Dormir en un tren ya no es cosa del pasado. Antes, los largos trayectos sobre las vías obligaban a los pasajeros a pasar la noche en modestos coches-cama. Hoy, el diseño de los años 50 resulta mucho más funcional y cómodo y existen hoteles que buscan ofrecer experiencias diferentes en la ciudad.
A solo 15 minutos de Madrid, podemos alojarnos en un auténtico vagón de ferrocarril en medio de la naturaleza. La finca hotelera Las Charolas, situada en San Agustín del Guadalix, cuenta con dos vagones de tren que se han transformado en pequeños apartamentos con su propio salón-cocina, baño y dormitorio.
Una nueva vida a los vagones
Estos peculiares alojamientos dan una segunda vida a antiguos vagones de los años 50 y 60. Empresas especializadas en restauración se encargan de acondicionar estos espacios para que sean habitables sin perder su valor histórico. A lo largo del proceso se refuerzan los materiales, se lija la madera y se instalan la electricidad y el agua.
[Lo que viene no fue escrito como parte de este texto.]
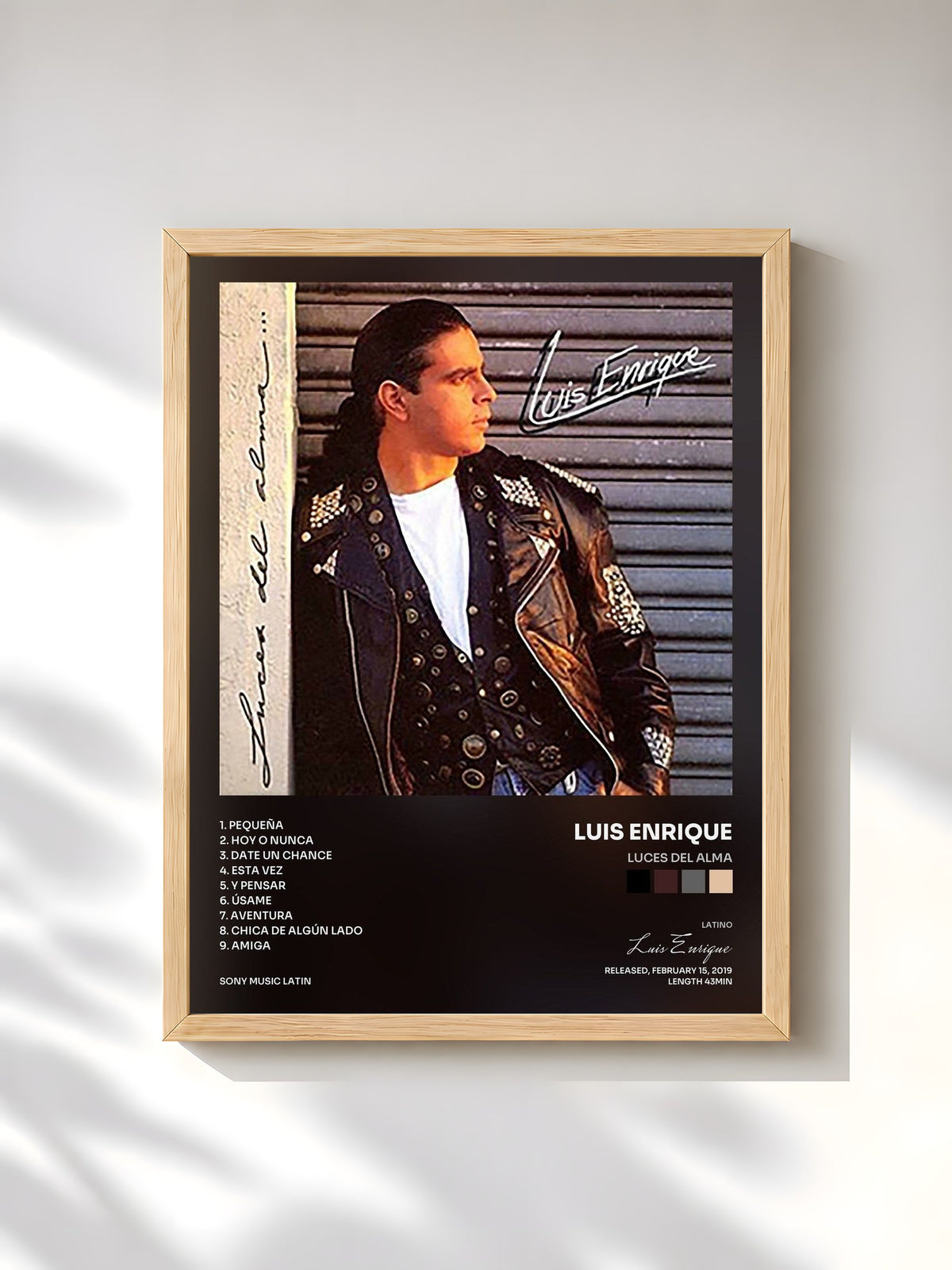 #bois Tableau de l'album Luces del Alma de Luis Enrique, cadre en bois brut, imprimé et encadré en France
Una vez están listos, los vagones se trasladan a su destino y se colocan sobre un tramo de vías, respetando la disposición original de la construcción. Además, para lograr la inmersión en universo del ferrocarril, es importante cuidar la decoración con antiguas mesas redondas, fogones de gas, chimeneas de hierro forjado o escaleras de este mismo material que mantengan la estética.
El viaje que nunca empieza

Quienes suben a estos vagones no realizan ningún viaje. La idea de disfrutar del camino toma un sentido casi literal en estos espacios, donde el punto fuerte es apelar a la nostalgia. Podemos imaginar las historias que sucederían en estos espacios, pero sin movernos en ningún momento.
En este retiro turístico al pasado no puede faltar un elemento: el entorno natural. La finca Las Charolas está rodeada por un paisaje mediterráneo con encinas, enebros, tomillo, romero y flores silvestres. Han instalado unas pequeñas terrazas en el exterior de los vagones, de manera que sus huéspedes no busquen la necesidad de que el tren se mueva.
Así, esta propuesta se suma a la lista de hoteles situados en enclaves idílicos y con propuestas originales para pasar una escapada en pareja o diferente a la habitual. En cuanto al precio, se puede reservar una noche para dos personas en estos vagones por unos 190 euros.